By Senator Jon Kyl
The First Amendment to the U.S. Constitution prohibits making any law that infringes on one's freedom of speech. It is one of Congress's greatest responsibilities to protect that right, not shield Members of Congress from it.
Those who value the freedom of speech recently won a narrow victory when Senate Republicans beat back the DISCLOSE Act by a slim margin. This legislation, which would regulate political communications and impose burdensome disclosure requirements, is a direct assault on the First Amendment right to free speech.
The DISCLOSE Act was an attempt to circumvent the Supreme Court's recent decision in Citizens United v. the Federal Election Commission. In that ruling, the Supreme Court held that unions and corporations can exercise their freedom of speech by using general treasury funds for independent election communications. In other words, they may use their own money to make their case to the American people about who they believe the best candidate is.
Instead of rejoicing that the freedom of speech was strengthened by the Supreme Court's ruling in Citizens United, Democrats hastily cobbled together the DISCLOSE Act behind closed doors to insulate members of their own party from the wrath of the American people in November's election. They didn't hold hearings, listen to testimony, or mark up a bill. Senators did not even have the chance to review the bill in committee or offer amendments.
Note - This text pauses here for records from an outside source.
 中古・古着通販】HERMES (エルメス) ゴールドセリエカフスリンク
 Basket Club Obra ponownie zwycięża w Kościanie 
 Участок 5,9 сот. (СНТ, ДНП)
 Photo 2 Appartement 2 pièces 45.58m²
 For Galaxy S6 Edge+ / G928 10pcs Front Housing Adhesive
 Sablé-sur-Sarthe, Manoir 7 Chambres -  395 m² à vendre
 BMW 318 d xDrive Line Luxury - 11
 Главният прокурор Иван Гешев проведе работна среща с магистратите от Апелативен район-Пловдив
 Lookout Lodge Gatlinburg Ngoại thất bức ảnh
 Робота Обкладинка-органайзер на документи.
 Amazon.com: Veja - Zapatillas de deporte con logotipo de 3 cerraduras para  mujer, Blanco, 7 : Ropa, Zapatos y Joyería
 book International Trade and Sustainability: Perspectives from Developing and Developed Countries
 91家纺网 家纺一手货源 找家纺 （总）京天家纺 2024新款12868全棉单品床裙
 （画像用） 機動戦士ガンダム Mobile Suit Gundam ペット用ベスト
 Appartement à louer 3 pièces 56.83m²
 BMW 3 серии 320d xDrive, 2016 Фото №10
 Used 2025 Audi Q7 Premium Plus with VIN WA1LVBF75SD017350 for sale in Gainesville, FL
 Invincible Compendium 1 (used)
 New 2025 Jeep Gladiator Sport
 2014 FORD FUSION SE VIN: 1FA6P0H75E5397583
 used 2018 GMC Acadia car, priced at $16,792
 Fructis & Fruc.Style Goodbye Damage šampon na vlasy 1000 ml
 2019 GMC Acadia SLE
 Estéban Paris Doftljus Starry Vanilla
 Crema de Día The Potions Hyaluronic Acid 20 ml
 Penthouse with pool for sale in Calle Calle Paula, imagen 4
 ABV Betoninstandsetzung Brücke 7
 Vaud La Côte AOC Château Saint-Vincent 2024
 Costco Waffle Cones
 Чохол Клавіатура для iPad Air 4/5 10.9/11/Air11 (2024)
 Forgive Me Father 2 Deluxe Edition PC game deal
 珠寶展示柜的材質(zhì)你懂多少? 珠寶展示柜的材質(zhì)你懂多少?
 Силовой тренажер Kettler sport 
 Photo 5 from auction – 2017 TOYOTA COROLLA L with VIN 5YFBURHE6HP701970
While Democrats touted their bill as victory for transparency that will insulate voters from electioneering by special interests, the process and the text of the legislation speak for themselves. A bill written behind closed doors contradicts the goal of transparency, and the bill contains numerous exemptions that would intentionally and specifically benefit some of the Democrats' favorite groups.
The bill's 117 pages are an exercise in picking winners and losers. Labor unions, for example, would be left unscathed, but for-profit organizations would be subject to burdensome restrictions. In fact, the disclosure requirements would apply to government contractors, but not their unions or unions with government contracts. Since when does freedom of speech only apply to special interests that have a history of support for the party in control of Congress and the White House?
While the intent of this bill is decidedly partisan, opposition to it has transcended party lines. The usually liberal-friendly American Civil Liberties Union has even come out against it, as have hundreds of business groups and trade associations.
The DISCLOSE Act is an attempt to change the law to shield incumbent candidates from criticism of unpopular decisions and positions. Why else would the bill's authors insist the bill take effect just 30 days after passage -- perhaps just in time for the November elections? No one in political life enjoys criticism, but the First Amendment makes clear we can't make ourselves immune from it. Defeating the DISCLOSE Act is a good first step toward reform of Washington.